[DATA SEGMENT]

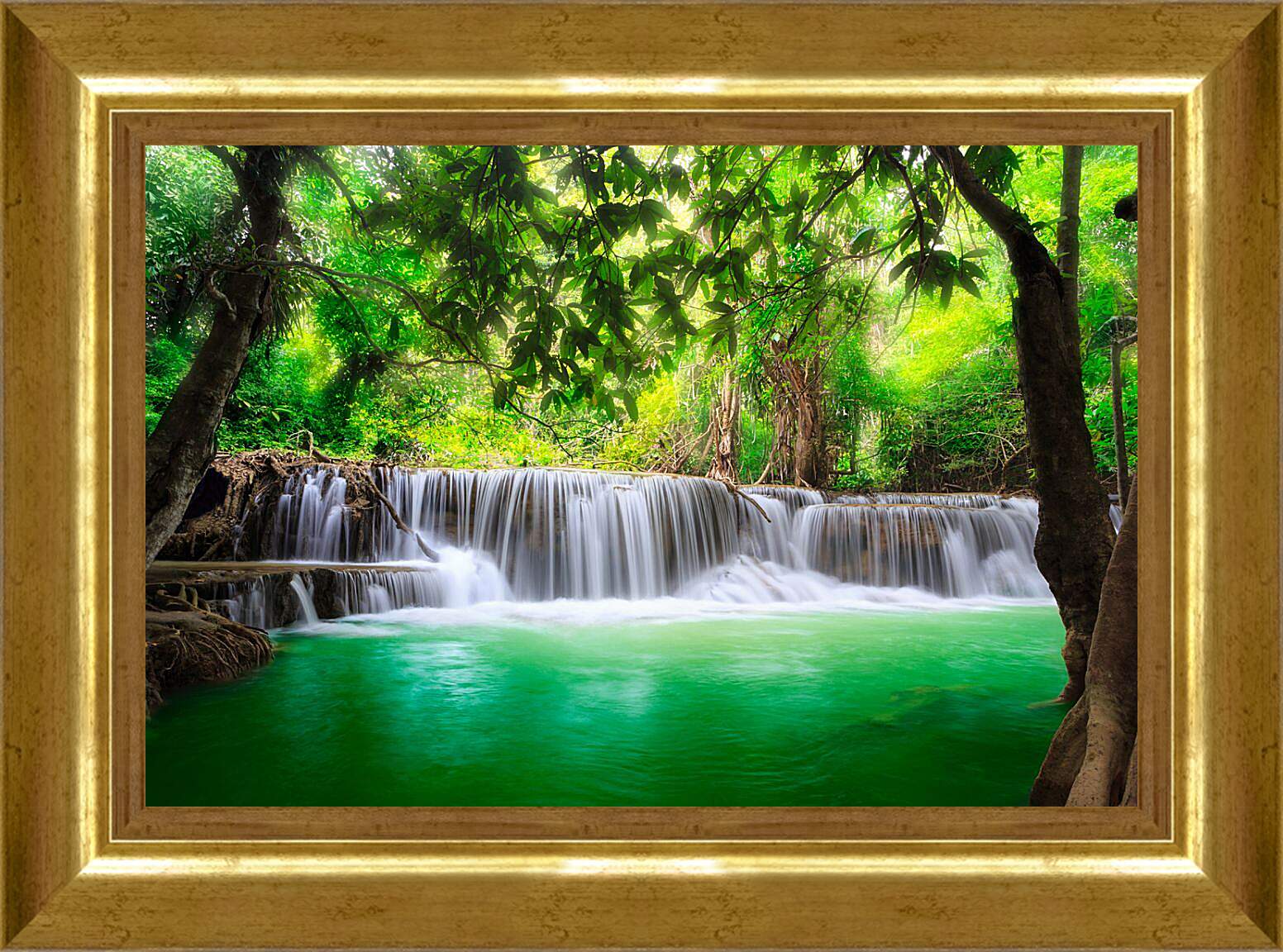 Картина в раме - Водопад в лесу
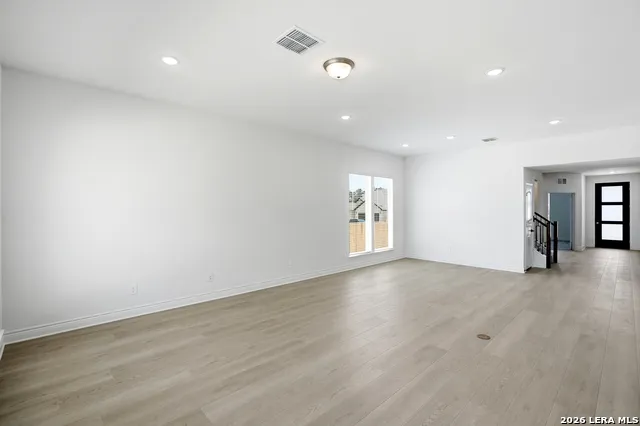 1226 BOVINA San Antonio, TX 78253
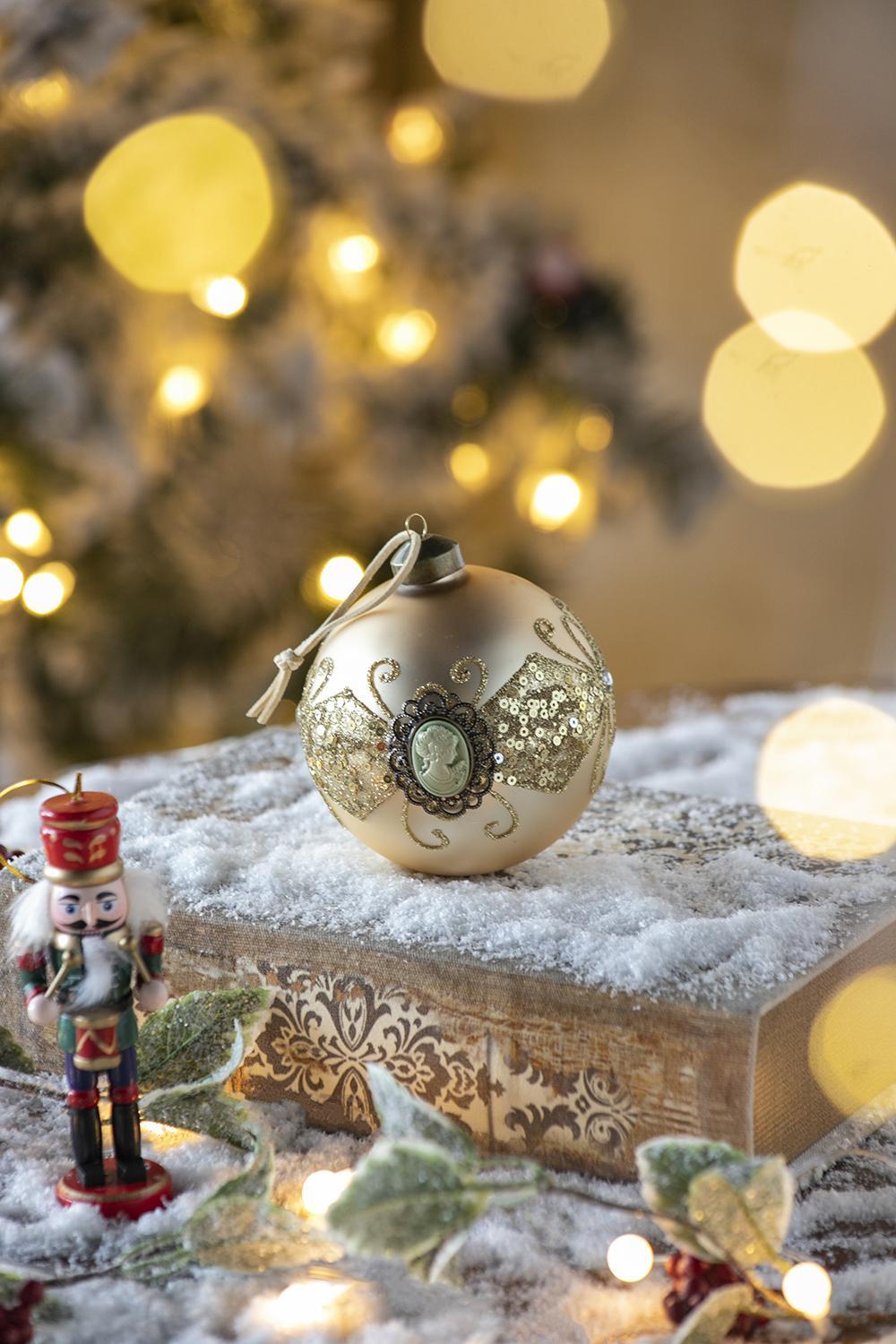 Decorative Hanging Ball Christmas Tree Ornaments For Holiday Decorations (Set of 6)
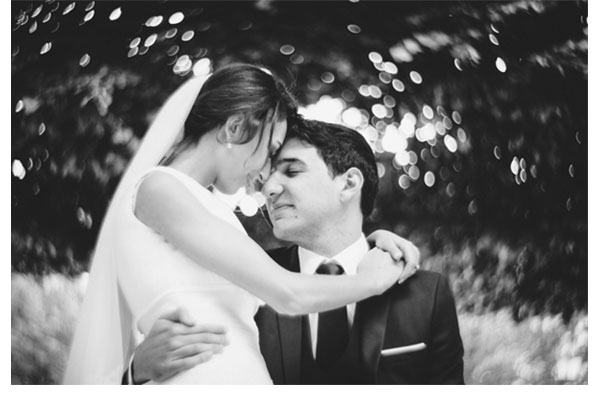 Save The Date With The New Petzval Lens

[/DATA SEGMENT]

# EXERCISE DIRECTIONS
Only the lines from the one containing "Decorative Hanging Ball" through the end of the listing should be output, word for word and inclusive; keep pictures out.

# OUTPUT BELOW
 Decorative Hanging Ball Christmas Tree Ornaments For Holiday Decorations (Set of 6)
 Save The Date With The New Petzval Lens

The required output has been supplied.